IANAE, but my take on that is that the US used the dollar's status as reserve currency to inflate its financial sector, where the UK used a much more aggressive policy of being a tax shelter flag of convenience country.
I'll leave it to the economists to hash out whether that's a qualitative difference.
- Jake If you only spend 20 minutes of the rest of your life on economics, go spend them here.
Iceland, OTOH, has abundant energy resources. And the UK has a number of markers it could surrender in the European political game in return for help with its energy issues. Ireland... well, they're not quite as far in the hole as the UK, at least to judge by what I read on ET. Being a much smaller economy located much closer to a functioning economic zone is both a blessing and a curse that way...
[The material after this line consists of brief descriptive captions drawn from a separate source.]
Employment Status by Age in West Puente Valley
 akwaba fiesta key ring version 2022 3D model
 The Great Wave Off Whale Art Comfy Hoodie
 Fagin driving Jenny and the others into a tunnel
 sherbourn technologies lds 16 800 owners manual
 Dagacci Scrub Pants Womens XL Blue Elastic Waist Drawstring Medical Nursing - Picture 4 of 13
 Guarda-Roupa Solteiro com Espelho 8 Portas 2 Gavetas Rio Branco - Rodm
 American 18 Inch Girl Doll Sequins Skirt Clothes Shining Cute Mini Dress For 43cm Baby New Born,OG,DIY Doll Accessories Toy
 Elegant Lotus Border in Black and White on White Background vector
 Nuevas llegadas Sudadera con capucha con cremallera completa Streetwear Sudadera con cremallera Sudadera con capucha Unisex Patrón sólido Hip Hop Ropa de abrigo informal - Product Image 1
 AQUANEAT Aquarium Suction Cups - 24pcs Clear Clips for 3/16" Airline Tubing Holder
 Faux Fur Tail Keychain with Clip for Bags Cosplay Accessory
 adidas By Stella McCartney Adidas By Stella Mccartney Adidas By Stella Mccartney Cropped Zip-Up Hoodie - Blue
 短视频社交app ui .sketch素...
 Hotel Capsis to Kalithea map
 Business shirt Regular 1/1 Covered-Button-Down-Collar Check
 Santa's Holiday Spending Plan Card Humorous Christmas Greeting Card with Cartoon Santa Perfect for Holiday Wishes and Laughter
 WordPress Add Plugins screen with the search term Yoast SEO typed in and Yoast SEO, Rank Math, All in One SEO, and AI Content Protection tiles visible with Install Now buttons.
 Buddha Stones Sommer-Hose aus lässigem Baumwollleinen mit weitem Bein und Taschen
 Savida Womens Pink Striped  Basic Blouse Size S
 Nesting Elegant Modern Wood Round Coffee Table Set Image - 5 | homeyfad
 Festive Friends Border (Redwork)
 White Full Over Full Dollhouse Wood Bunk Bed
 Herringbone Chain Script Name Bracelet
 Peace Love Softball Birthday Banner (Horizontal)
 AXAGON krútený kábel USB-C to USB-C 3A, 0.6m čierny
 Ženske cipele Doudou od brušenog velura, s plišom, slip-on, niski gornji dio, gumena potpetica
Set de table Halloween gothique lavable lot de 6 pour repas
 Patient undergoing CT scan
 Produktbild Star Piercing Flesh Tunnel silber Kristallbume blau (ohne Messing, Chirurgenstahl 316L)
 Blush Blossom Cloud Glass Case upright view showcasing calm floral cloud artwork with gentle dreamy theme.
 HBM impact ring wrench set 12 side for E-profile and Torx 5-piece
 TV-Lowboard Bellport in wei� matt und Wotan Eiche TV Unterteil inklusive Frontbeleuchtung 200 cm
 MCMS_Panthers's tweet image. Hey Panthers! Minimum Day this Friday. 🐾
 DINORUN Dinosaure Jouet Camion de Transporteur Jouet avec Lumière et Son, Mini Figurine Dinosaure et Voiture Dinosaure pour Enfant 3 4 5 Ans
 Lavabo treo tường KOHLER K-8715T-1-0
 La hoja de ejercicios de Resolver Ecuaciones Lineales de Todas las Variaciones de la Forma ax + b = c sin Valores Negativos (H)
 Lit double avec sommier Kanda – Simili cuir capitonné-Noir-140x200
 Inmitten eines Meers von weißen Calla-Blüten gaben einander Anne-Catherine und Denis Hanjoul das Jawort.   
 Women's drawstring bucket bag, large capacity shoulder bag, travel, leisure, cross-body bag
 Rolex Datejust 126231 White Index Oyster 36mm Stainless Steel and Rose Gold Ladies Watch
The fundamental, underlying logic is the same. The political and economic fallout, and the specific way it was implemented are not.
"Any economic unit can emit money. The serious problem is to get it accepted" Hyman Minsky
With the economy going to hell, I'd say the people of Iceland will be pretty happy they'll still have the aluminum industry left, especially as I've heard the guestworkers have been shipping out because of the currency collapse: their wages aren't that high anymore in real terms.
So the Karahnjukar project should be a good thing now, if Alcoa doesn't fuck them over somehow. Peak oil is not an energy crisis. It is a liquid fuel crisis.
The fact that they were one of the central players in Pinochet's coup doesn't precisely do wonders for my confidence in their willingness to do well by Iceland either. AFAIK, they were never seriously punished for that story.
We'll just have to wait and see. Peak oil is not an energy crisis. It is a liquid fuel crisis.